On Nov. 4, Cecil Township supervisors are set to vote on changing the oil and gas ordinance that would place surface drilling operations 2,500 feet away from “protected structures,” but waive that distance if all homeowners within that buffer zone agree to permit drilling.
Josh and Michelle Stonemark, who live about 530 feet away from a well pad in the township, plan to attend the meeting. The couple moved into what they thought was their dream home around Christmas of 2018, and drilling began in 2020.
“Every time they drill, it’s 24/7 noise, the smells, it’s not sleeping, it’s constant anxiety about whether or not my kids are going to get sick,” said Michelle Stonemark.
She said she and her husband and their three children have experienced health problems, which she declined to disclose.
“It’s unbearable at times,” said Stonemark, who has installed two air monitors in the family’s back yard. “I want people to know that these problems are real. We have seen the impacts, we have dealt with them. We’re being impacted on a daily basis. They exist.”
Lisa DePaoli, communications director at Center for Coalfield Justice, said it’s critical to work for policy change, especially with the Appalachian hydrogen hub on the horizon.

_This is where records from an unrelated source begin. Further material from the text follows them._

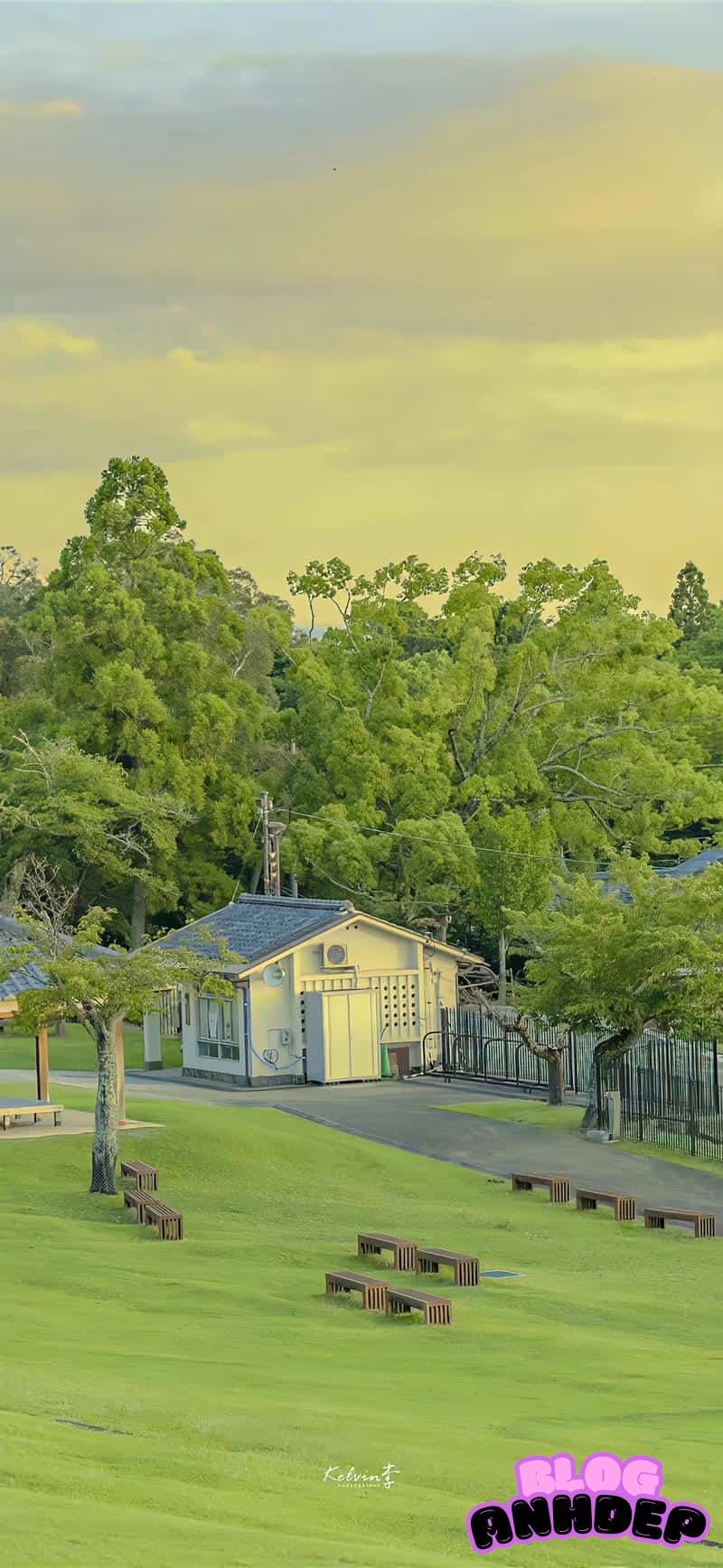 Bộ hình hình nền cây xanh sắc nét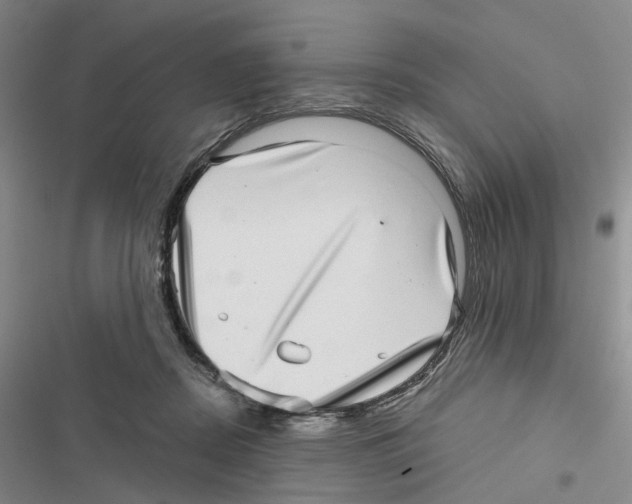 X0000116810362201001151148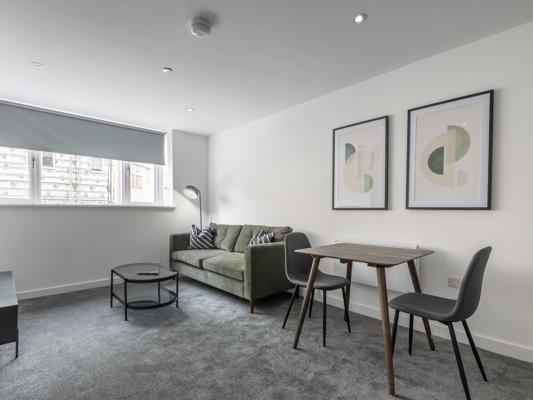 One Bedroom Apartment City Point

DePaoli said CCJ isn’t seeking to stop fracking (although other groups would like an outright ban), but wants to make sure regulations are in place that will better protect the communities where fracking takes place.
She pointed to a recent poll conducted by the Ohio River Valley Institute and Upswing Research & Strategy that suggests Pennsylvanians are open to stricter regulations on the fracking industry. The survey of 700 likely voters across the state showed that 90% of respondents support measures such as requiring fracking companies to disclose all chemicals used and increasing the distance between fracking operations and schools. It also found that 80% of respondents support classifying fracking fluids as hazardous materials. A majority of Pennsylvanians (58%) oppose a complete ban on fracking.
“We recognize we can’t just stop fracking because, first, we need the energy, and second, we don’t want anyone to lose their jobs, but there has to be a just transition toward cleaner energy sources,” said DePaoli.